» Records for this task:
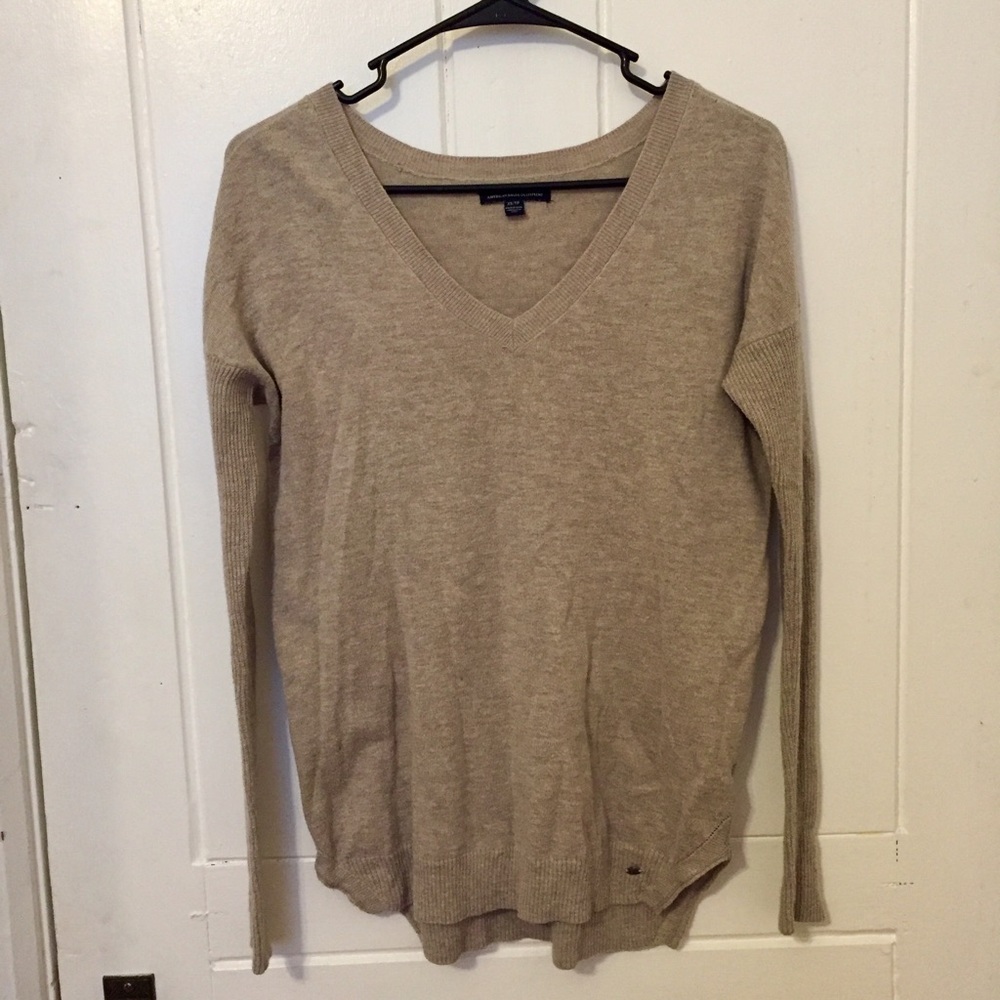 Cream V-neck Top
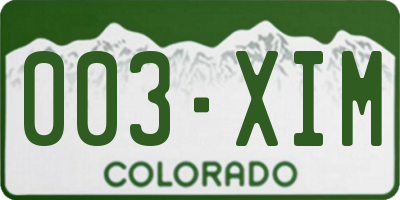 CO license plate 003XIM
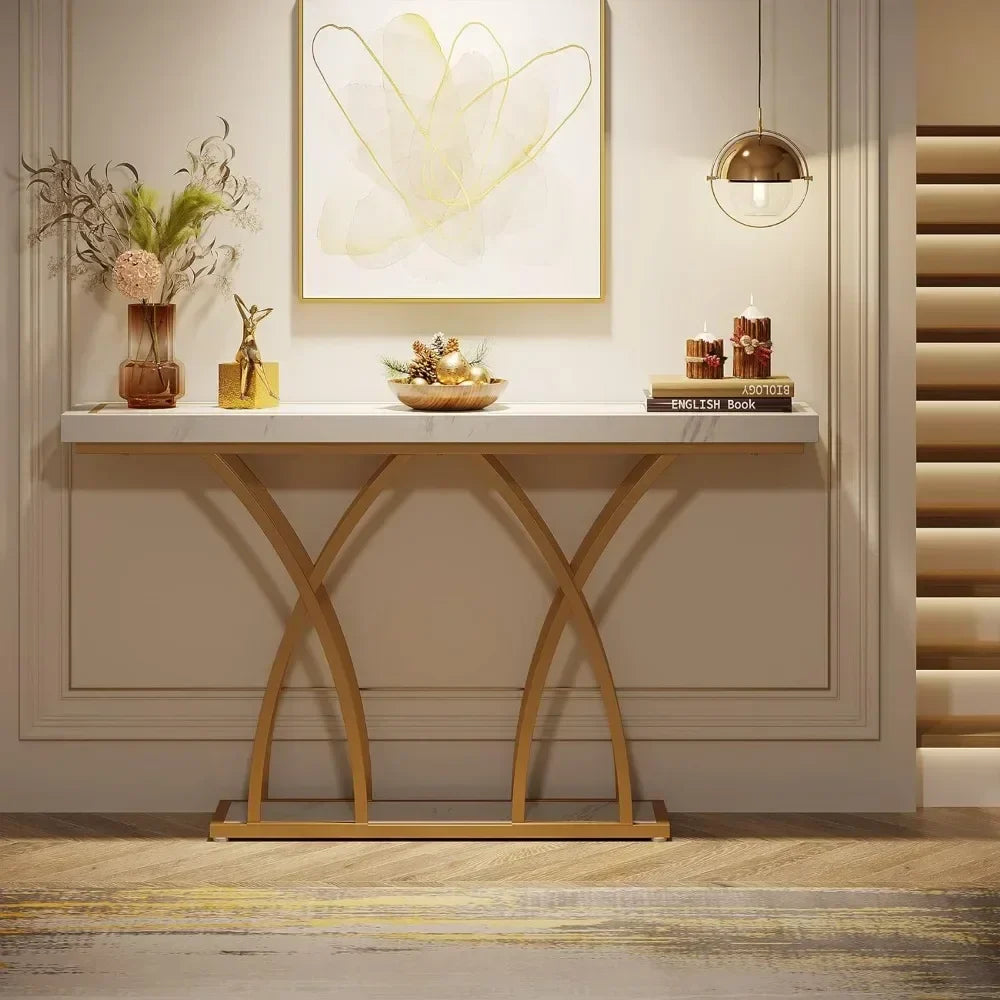 Modern Double Shelf Console Living Room Table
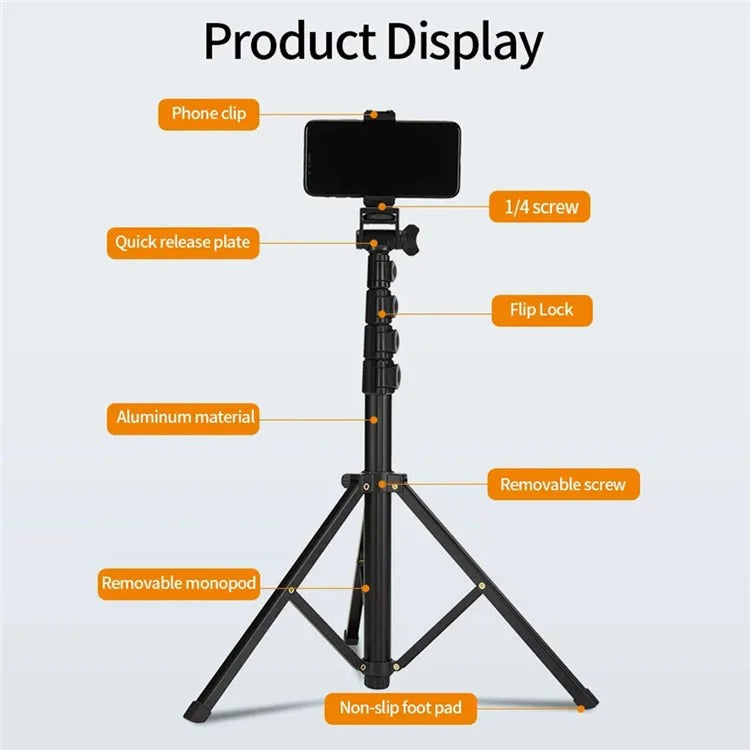 JMARY MT-39 Live Streaming DSLR Camera Stand Holder Phone Clamp Tripod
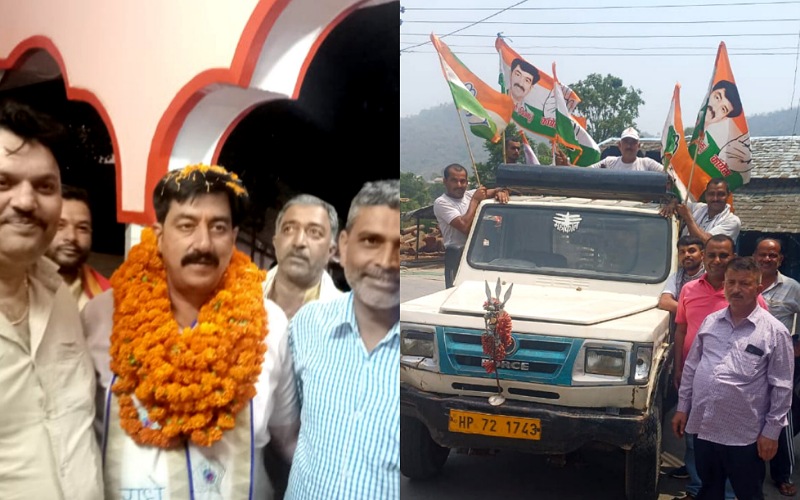 कांग्रेसी कार्यकर्ताओं ने रैली निकालकर विवेक शर्मा का किया स्वागत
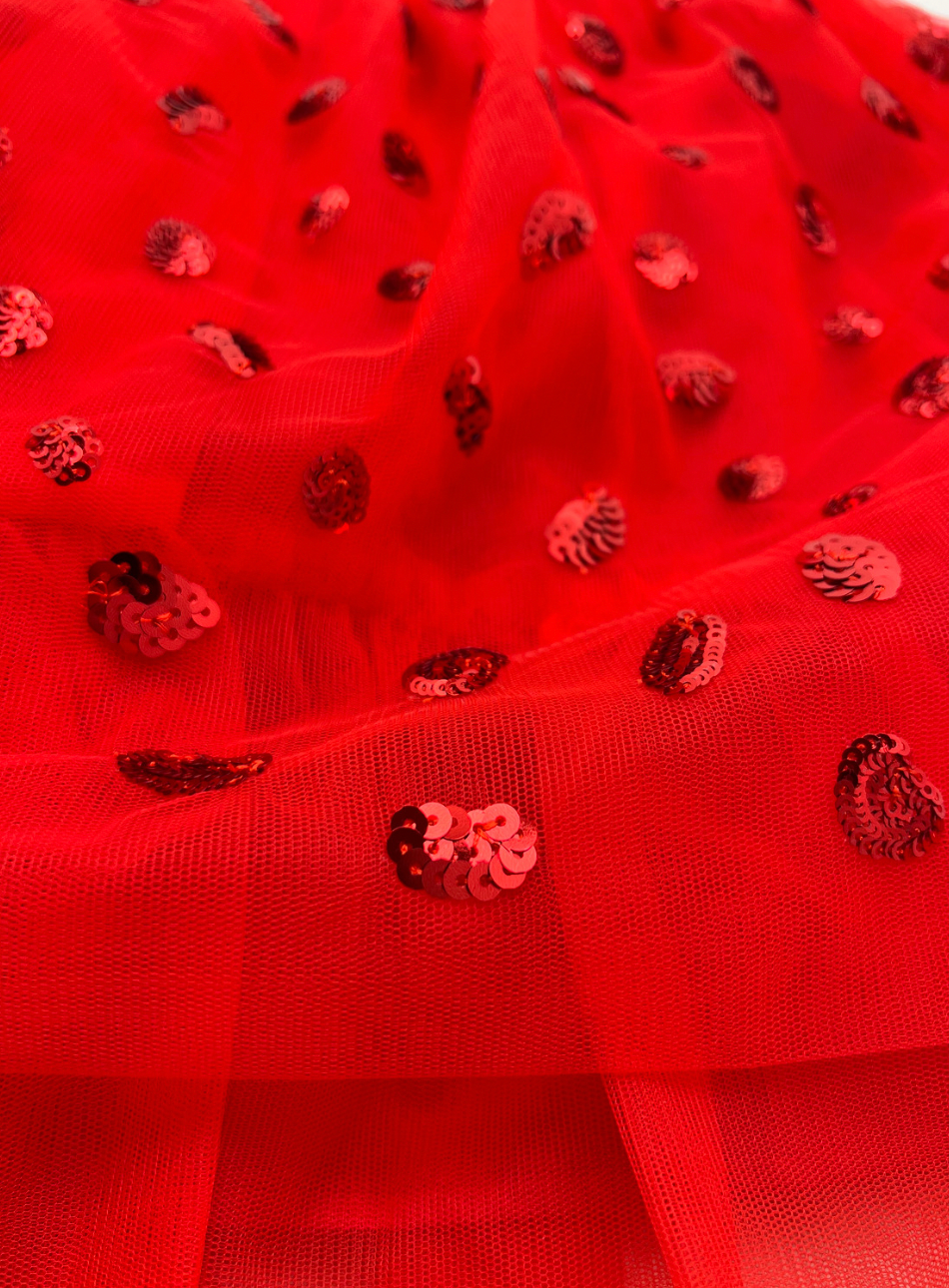 ALBERTA FERRETTI - Red sequined tulle skirt - 10 years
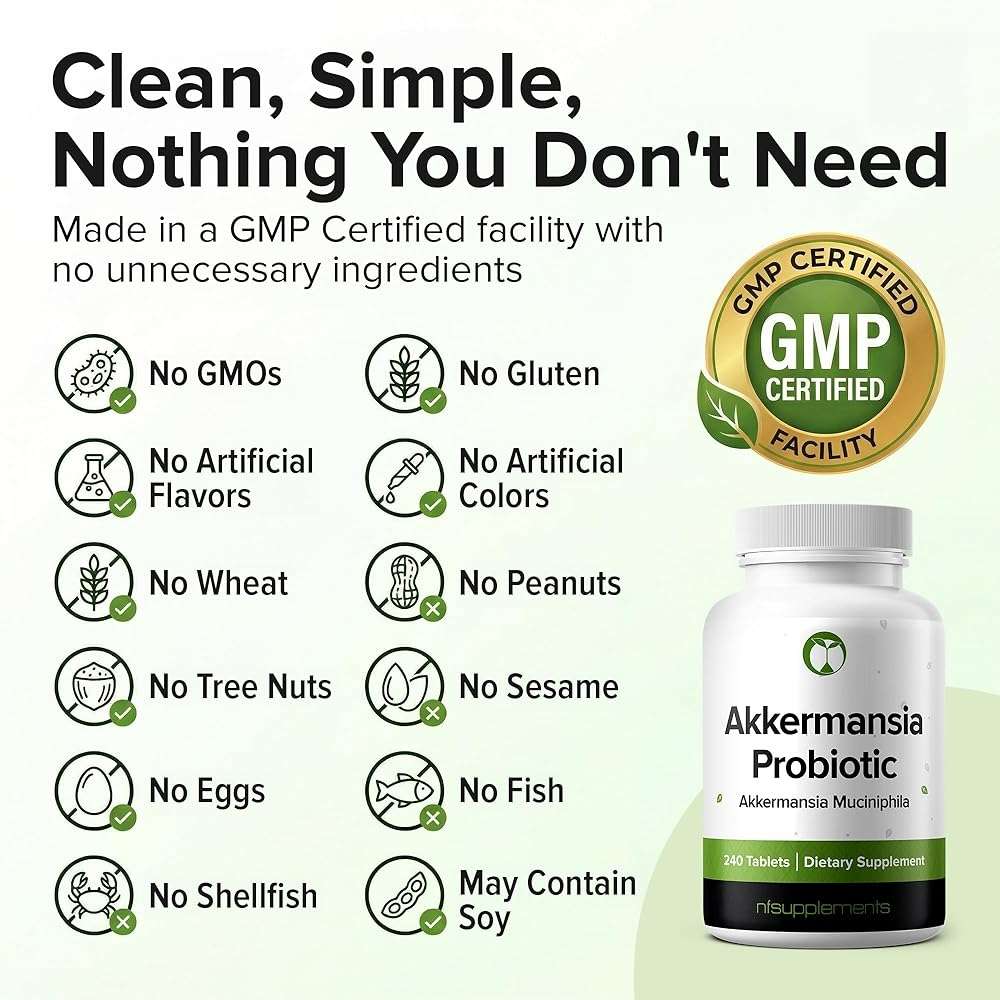 Akkermansia Muciniphila Probiotic 240 Tablets (4 Month Supply) - 100 Million AFU Researched Strain AKK11 - Supports Digestive Health & Gut Lining - GMP Certified (240, Akkermansia Muciniphila) - Image 3
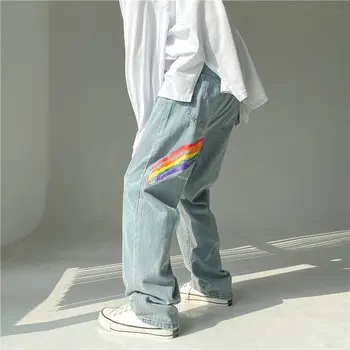 Privathinker Mužov Rainbow Vytlačené Džínsy 2021 Módne Žena Bežné Nadrozmerná Džínsové Nohavice kórejský Streetwear Muž Džínsy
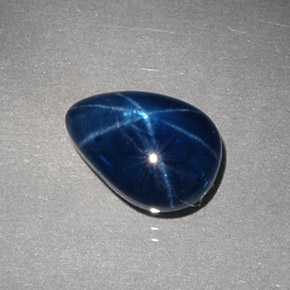 Zaffiro stellato Blu naturale da 3.99 ct, Forma a pera, Opaco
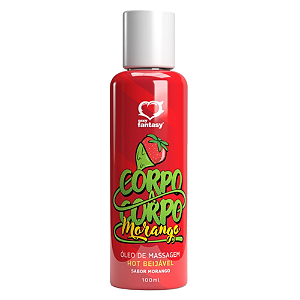 ÓLEO DE MASSAGEM BEIJÁVEL HOT CORPO A CORPO MORANGO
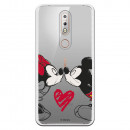 Carcasa Oficial Mikey Y Minnie Beso Clear para Nokia 7.1- La Casa de las Carcasas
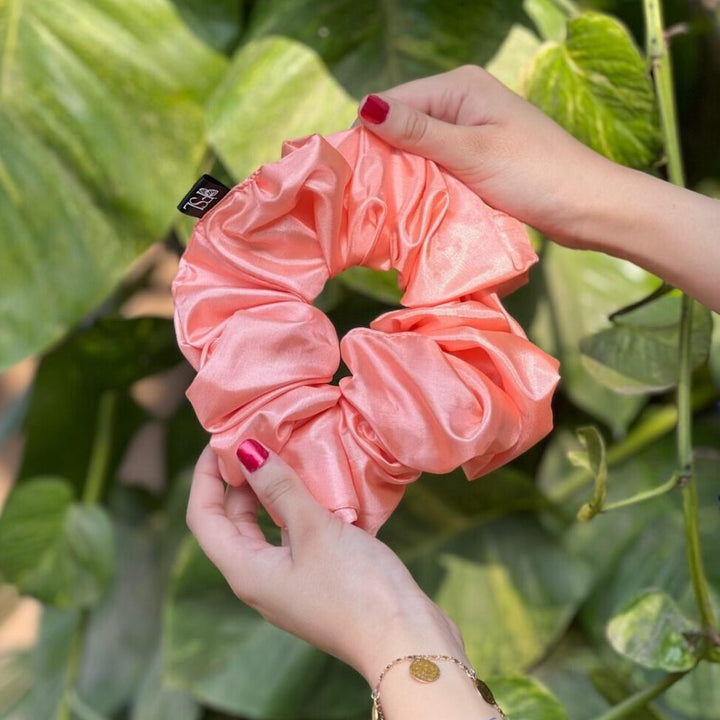 Handmade Peach silk scrunchie by FSL&CO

» Task brief: Could the listing above be transcribed exactly, with the pictures left out?

» Exercise result:
 Cream V-neck Top
 CO license plate 003XIM
 Modern Double Shelf Console Living Room Table
 JMARY MT-39 Live Streaming DSLR Camera Stand Holder Phone Clamp Tripod
 कांग्रेसी कार्यकर्ताओं ने रैली निकालकर विवेक शर्मा का किया स्वागत
 ALBERTA FERRETTI - Red sequined tulle skirt - 10 years
 Akkermansia Muciniphila Probiotic 240 Tablets (4 Month Supply) - 100 Million AFU Researched Strain AKK11 - Supports Digestive Health & Gut Lining - GMP Certified (240, Akkermansia Muciniphila) - Image 3
 Privathinker Mužov Rainbow Vytlačené Džínsy 2021 Módne Žena Bežné Nadrozmerná Džínsové Nohavice kórejský Streetwear Muž Džínsy
 Zaffiro stellato Blu naturale da 3.99 ct, Forma a pera, Opaco
 ÓLEO DE MASSAGEM BEIJÁVEL HOT CORPO A CORPO MORANGO
 Carcasa Oficial Mikey Y Minnie Beso Clear para Nokia 7.1- La Casa de las Carcasas
 Handmade Peach silk scrunchie by FSL&CO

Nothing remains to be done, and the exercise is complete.